合気道の「裏」の入身が結果として玉環歩と似ている形になることは先に指摘しておいたが、これが玉環歩かといえばそうとはいえない。玉環歩の鍵は歩法の連続性にあるからである。わざわざ第一歩を擺歩で踏み出すのは、そのまま次の一歩を踏み出す流れを作るために他ならない。そうであるから八卦掌では擺歩と次に扣歩を踏むことで連続した歩法が可能となり、円周を途切れることなく回ることができているのである。擺歩は本来的には「後ろの足」を一歩踏み出すことで、丸い勢いを作り出して次の歩法を導くのであるが、形意劈拳では「前に出している足」を半歩、擺歩で踏み出すだけである。
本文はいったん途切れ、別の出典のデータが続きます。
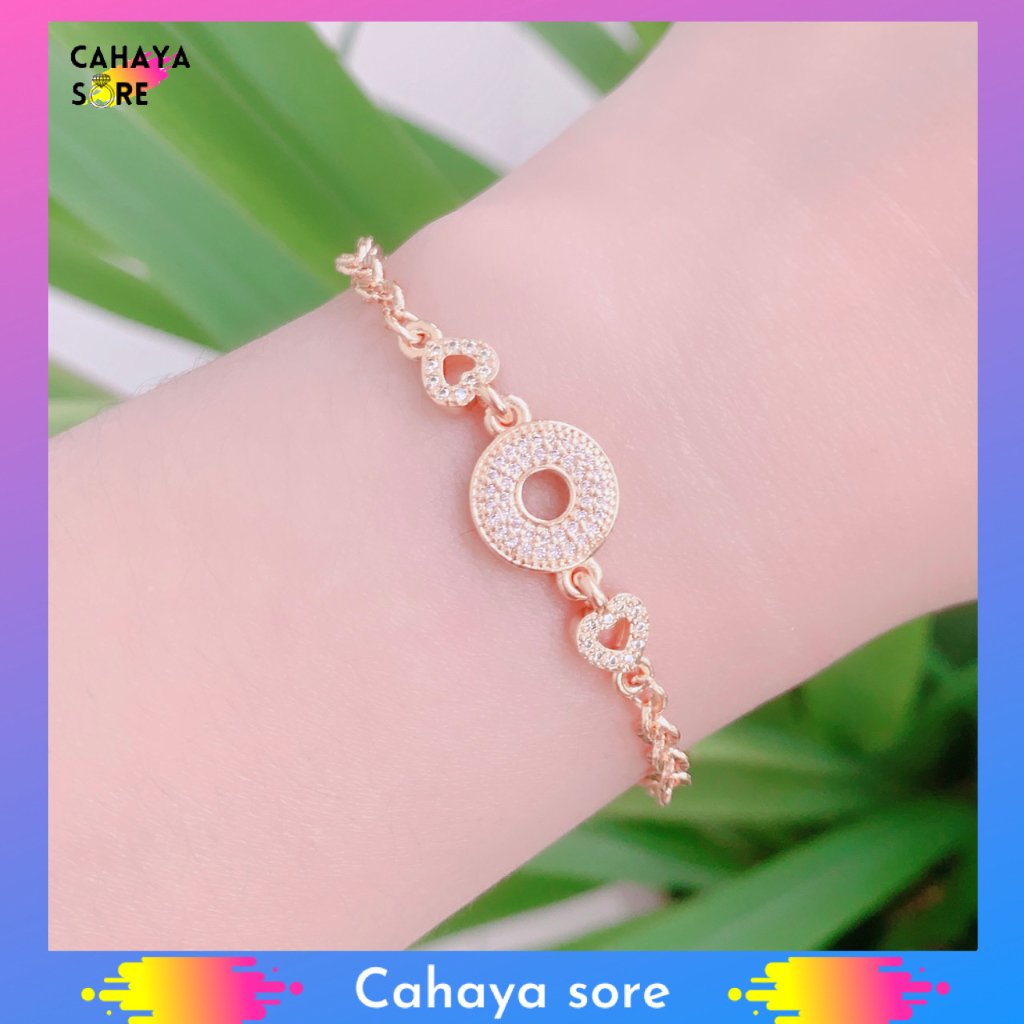 Gelang Xuping Gold Gelang Tangan Dewasa Model Serut Permata Three Love G39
これは直線の歩法で構成されている形意拳のシステムに玉環歩をあえて取り入れようとしたために他ならない。形意拳の歩法はあくまで直線的に前に出る勢いを使っていて、八卦掌のような丸い歩法の勢いは用いない。劈拳の鷹捉で擺歩を直線において用いるところに「直」の勢いと「曲」の勢いを微妙なバランスで配合した形意拳の妙味がある。こうした形意劈拳を通して入身の歩法を考えてみるならば、始めに直線的な七星歩、合気道の「表」の入身があり、これが形意拳のベースとなった。次いでその変形として「裏」の入身、太極拳の四隅推手が考案されて、最後に玉環歩の擺・扣歩の入身が考案されたものと考えられる。玉環歩は李能然によって取り入れられたようであるが、これが後に形意拳に八卦掌を導入するきっかけとなった。現在でも七星歩はいまだに多くの門派で練習されている。それは七星歩が力を発するのに都合が良いからである。形意拳は七星歩をうまく取り入れた優れたシステムであり、八卦掌は玉環歩によって構築された最も優れたシステムであることを考えるなら形意、八卦を共に練ることには大きな意義のあることが理解されるであろう。